[WORK ORDER] Make an exact copy of the lines below.

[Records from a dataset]
*** Block opens ***

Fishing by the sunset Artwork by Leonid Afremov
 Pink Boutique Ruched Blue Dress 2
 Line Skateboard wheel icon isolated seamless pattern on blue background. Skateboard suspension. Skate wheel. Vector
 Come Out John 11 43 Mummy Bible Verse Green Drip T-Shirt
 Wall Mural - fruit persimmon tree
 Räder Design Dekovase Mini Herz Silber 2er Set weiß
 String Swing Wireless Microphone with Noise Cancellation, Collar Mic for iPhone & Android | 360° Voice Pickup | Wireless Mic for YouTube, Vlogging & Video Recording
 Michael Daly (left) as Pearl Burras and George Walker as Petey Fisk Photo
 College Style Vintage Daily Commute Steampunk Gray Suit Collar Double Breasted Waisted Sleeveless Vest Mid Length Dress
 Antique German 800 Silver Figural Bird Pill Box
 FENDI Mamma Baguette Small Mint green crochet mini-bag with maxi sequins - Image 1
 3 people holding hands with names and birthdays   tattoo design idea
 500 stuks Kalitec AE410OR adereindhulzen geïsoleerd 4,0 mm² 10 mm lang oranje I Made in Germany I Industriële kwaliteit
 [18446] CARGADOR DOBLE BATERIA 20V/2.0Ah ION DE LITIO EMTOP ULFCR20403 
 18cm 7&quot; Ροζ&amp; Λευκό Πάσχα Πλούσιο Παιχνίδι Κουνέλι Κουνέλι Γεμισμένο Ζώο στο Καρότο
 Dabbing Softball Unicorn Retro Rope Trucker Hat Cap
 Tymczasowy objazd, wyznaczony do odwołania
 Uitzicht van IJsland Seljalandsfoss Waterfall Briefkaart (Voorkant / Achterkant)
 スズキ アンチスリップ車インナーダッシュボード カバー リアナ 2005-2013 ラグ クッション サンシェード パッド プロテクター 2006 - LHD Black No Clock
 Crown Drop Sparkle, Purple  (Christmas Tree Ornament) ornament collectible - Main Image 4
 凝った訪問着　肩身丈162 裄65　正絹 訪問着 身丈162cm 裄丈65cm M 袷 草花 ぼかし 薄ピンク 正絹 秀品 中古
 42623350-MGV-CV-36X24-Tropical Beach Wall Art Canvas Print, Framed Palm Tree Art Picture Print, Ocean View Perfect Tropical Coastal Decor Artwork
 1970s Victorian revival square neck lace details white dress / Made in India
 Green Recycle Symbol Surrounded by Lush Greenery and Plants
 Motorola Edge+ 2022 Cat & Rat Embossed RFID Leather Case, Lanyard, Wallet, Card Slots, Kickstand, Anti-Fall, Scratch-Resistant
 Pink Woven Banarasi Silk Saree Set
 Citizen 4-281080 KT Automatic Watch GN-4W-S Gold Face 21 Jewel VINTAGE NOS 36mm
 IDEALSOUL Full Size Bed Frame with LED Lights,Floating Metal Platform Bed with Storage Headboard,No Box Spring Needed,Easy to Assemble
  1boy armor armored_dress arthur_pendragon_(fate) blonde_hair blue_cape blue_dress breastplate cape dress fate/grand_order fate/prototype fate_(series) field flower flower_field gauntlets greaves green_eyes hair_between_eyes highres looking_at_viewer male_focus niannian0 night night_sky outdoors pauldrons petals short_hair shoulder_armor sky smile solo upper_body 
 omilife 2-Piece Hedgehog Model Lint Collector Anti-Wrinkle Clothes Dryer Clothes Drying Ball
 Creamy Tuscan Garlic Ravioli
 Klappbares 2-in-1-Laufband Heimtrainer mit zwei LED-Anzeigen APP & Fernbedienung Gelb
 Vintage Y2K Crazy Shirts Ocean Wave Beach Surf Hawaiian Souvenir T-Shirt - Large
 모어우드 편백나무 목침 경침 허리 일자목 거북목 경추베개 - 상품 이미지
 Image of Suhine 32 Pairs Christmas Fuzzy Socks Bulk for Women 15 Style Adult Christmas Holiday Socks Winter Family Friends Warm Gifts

*** Block closes ***

[REPLY]
Fishing by the sunset Artwork by Leonid Afremov
 Pink Boutique Ruched Blue Dress 2
 Line Skateboard wheel icon isolated seamless pattern on blue background. Skateboard suspension. Skate wheel. Vector
 Come Out John 11 43 Mummy Bible Verse Green Drip T-Shirt
 Wall Mural - fruit persimmon tree
 Räder Design Dekovase Mini Herz Silber 2er Set weiß
 String Swing Wireless Microphone with Noise Cancellation, Collar Mic for iPhone & Android | 360° Voice Pickup | Wireless Mic for YouTube, Vlogging & Video Recording
 Michael Daly (left) as Pearl Burras and George Walker as Petey Fisk Photo
 College Style Vintage Daily Commute Steampunk Gray Suit Collar Double Breasted Waisted Sleeveless Vest Mid Length Dress
 Antique German 800 Silver Figural Bird Pill Box
 FENDI Mamma Baguette Small Mint green crochet mini-bag with maxi sequins - Image 1
 3 people holding hands with names and birthdays   tattoo design idea
 500 stuks Kalitec AE410OR adereindhulzen geïsoleerd 4,0 mm² 10 mm lang oranje I Made in Germany I Industriële kwaliteit
 [18446] CARGADOR DOBLE BATERIA 20V/2.0Ah ION DE LITIO EMTOP ULFCR20403 
 18cm 7&quot; Ροζ&amp; Λευκό Πάσχα Πλούσιο Παιχνίδι Κουνέλι Κουνέλι Γεμισμένο Ζώο στο Καρότο
 Dabbing Softball Unicorn Retro Rope Trucker Hat Cap
 Tymczasowy objazd, wyznaczony do odwołania
 Uitzicht van IJsland Seljalandsfoss Waterfall Briefkaart (Voorkant / Achterkant)
 スズキ アンチスリップ車インナーダッシュボード カバー リアナ 2005-2013 ラグ クッション サンシェード パッド プロテクター 2006 - LHD Black No Clock
 Crown Drop Sparkle, Purple  (Christmas Tree Ornament) ornament collectible - Main Image 4
 凝った訪問着　肩身丈162 裄65　正絹 訪問着 身丈162cm 裄丈65cm M 袷 草花 ぼかし 薄ピンク 正絹 秀品 中古
 42623350-MGV-CV-36X24-Tropical Beach Wall Art Canvas Print, Framed Palm Tree Art Picture Print, Ocean View Perfect Tropical Coastal Decor Artwork
 1970s Victorian revival square neck lace details white dress / Made in India
 Green Recycle Symbol Surrounded by Lush Greenery and Plants
 Motorola Edge+ 2022 Cat & Rat Embossed RFID Leather Case, Lanyard, Wallet, Card Slots, Kickstand, Anti-Fall, Scratch-Resistant
 Pink Woven Banarasi Silk Saree Set
 Citizen 4-281080 KT Automatic Watch GN-4W-S Gold Face 21 Jewel VINTAGE NOS 36mm
 IDEALSOUL Full Size Bed Frame with LED Lights,Floating Metal Platform Bed with Storage Headboard,No Box Spring Needed,Easy to Assemble
  1boy armor armored_dress arthur_pendragon_(fate) blonde_hair blue_cape blue_dress breastplate cape dress fate/grand_order fate/prototype fate_(series) field flower flower_field gauntlets greaves green_eyes hair_between_eyes highres looking_at_viewer male_focus niannian0 night night_sky outdoors pauldrons petals short_hair shoulder_armor sky smile solo upper_body 
 omilife 2-Piece Hedgehog Model Lint Collector Anti-Wrinkle Clothes Dryer Clothes Drying Ball
 Creamy Tuscan Garlic Ravioli
 Klappbares 2-in-1-Laufband Heimtrainer mit zwei LED-Anzeigen APP & Fernbedienung Gelb
 Vintage Y2K Crazy Shirts Ocean Wave Beach Surf Hawaiian Souvenir T-Shirt - Large
 모어우드 편백나무 목침 경침 허리 일자목 거북목 경추베개 - 상품 이미지
 Image of Suhine 32 Pairs Christmas Fuzzy Socks Bulk for Women 15 Style Adult Christmas Holiday Socks Winter Family Friends Warm Gifts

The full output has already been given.